Rock and Roll is supposedly about rebellion, craziness and, if most rock stars are to be believed, a little sex and drugs too. In other words, pick up a guitar and watch the transformation take place.

Enter the all new Volkswagen commercial on TV. A stark white background featuring Slash, formerly of Guns N’ Roses and recently of….whatever, rocking out while plugged into a brand new Volkswagen. It’s not a gimmick. The new promotion really provides a customized-to-your car, First Act GarageMaster guitar to anyone that buys a new VW.

I can just imagine the pitch session at the ad agency.

“VW wants to be cool and hip. They want to resonate with the young kids.”

“Don’t forget the older ones Josh, they buy cars too.”

“Oh yeah, for sure, but they still want to be cool too. How do we reach ‘em?”

“Rock and roll buddy, nothing cooler than rock and roll.”

“Or Slash man, remember Slash? He was wicked. That “Paradise City” video was my favorite.”

“Cool, so let’s get Slash for a commercial.”

“Think he’s available?”

“Dude, I’m not even sure he’s alive.”

“So how do we make the promotion relevant to Slash?”

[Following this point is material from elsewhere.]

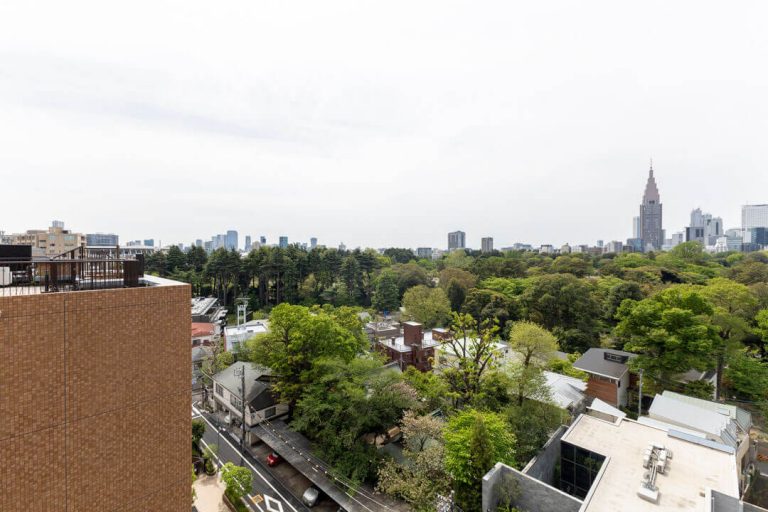 バルコニー眺望　※新宿御苑ビュー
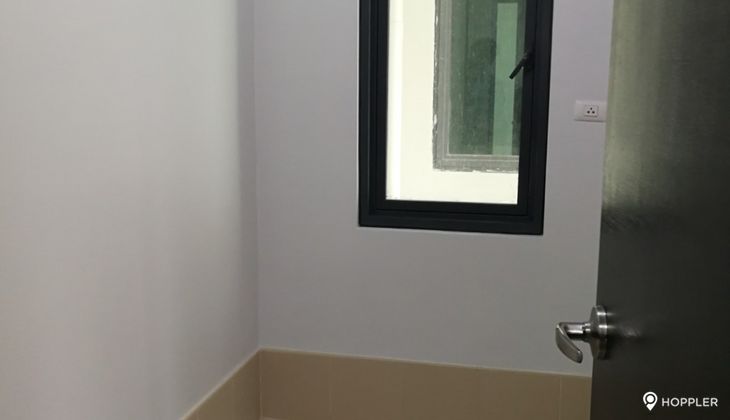 "2BR Condo for Rent in Solstice, Carmona, Makati"03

“We could give away top hats.”

“Maybe a guitar would be better.”

“Rock on Todd, that’s brilliant, let’s split a Red Bull and write it up.”

“I’m so there.”

And from that tiny germ of an idea we get Saul Hudson, aka Slash rocking out on a custom guitar plugged into two sets of 3-car high stacked speakers. The commercial looks great, and they plan even more rockers for future versions. One has to admit the idea of getting a free guitar does sound pretty neat. The only problem is the second thoughts that begin to creep in, because when that happens, you know you’re in trouble.

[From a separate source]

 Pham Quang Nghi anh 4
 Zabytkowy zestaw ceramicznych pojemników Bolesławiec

Picture if you will, dropping the kids off at school. As they walk across the playground you strap on your axe, plug in and while trying very hard not to dent the hood of your new car, crawl onboard and begin to play “Magic Carpet Ride” for the assembled parents. Assuming you are able to avoid splitting the leather pants you squeezed your post-marriage butt into, I think the sheer terror visible in your children’s faces would bring the impromptu jam session to a halt.

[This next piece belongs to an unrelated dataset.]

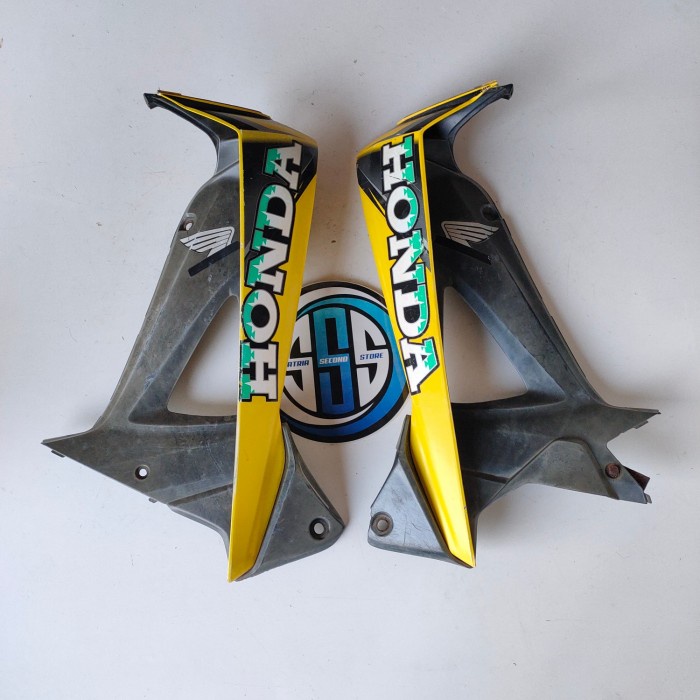 Jual cover sayap luar dalam honda revo 100 old lama original warna ...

Maybe you could try the family reunion. Imagine your spouse’s family at the park enjoying a nice evening. You suggest a little entertainment and whip out your guitar and wow the group with your rendition of Poison’s “Talk Dirty To Me.” As your wife tries desperately to explain how hard you’ve been working lately and that your falling off the roof may have been a little more serious than she had originally thought., you are busy realizing that you may have practiced a bit too long as you now have to call the auto club because the car battery is as dead as the self-respect you once had.

Truthfully though, as frightening as those two visions might be, I tend to think it will go a little more like this:

Come home with car. Quickly open case and look lovingly at guitar. Pull car in garage and close door tight. Spend 45 minutes minimum figuring out how to hook the darn thing up and then strum “Stairway To Heaven” until yelled at to shut up by someone in house. You will then box up the guitar and put it under the stairs beside the Bowflex you couldn’t sell for $25 at the last yard sale.

I would really like to believe my life could still include an electric guitar but I’m afraid it just doesn’t. Band class was a long time ago and any chance I might have had to play the main stage is pretty distant in the rearview mirror by now. The rock and roll lifestyle has passed me by.

It sure does look like a heck of a lot of fun though.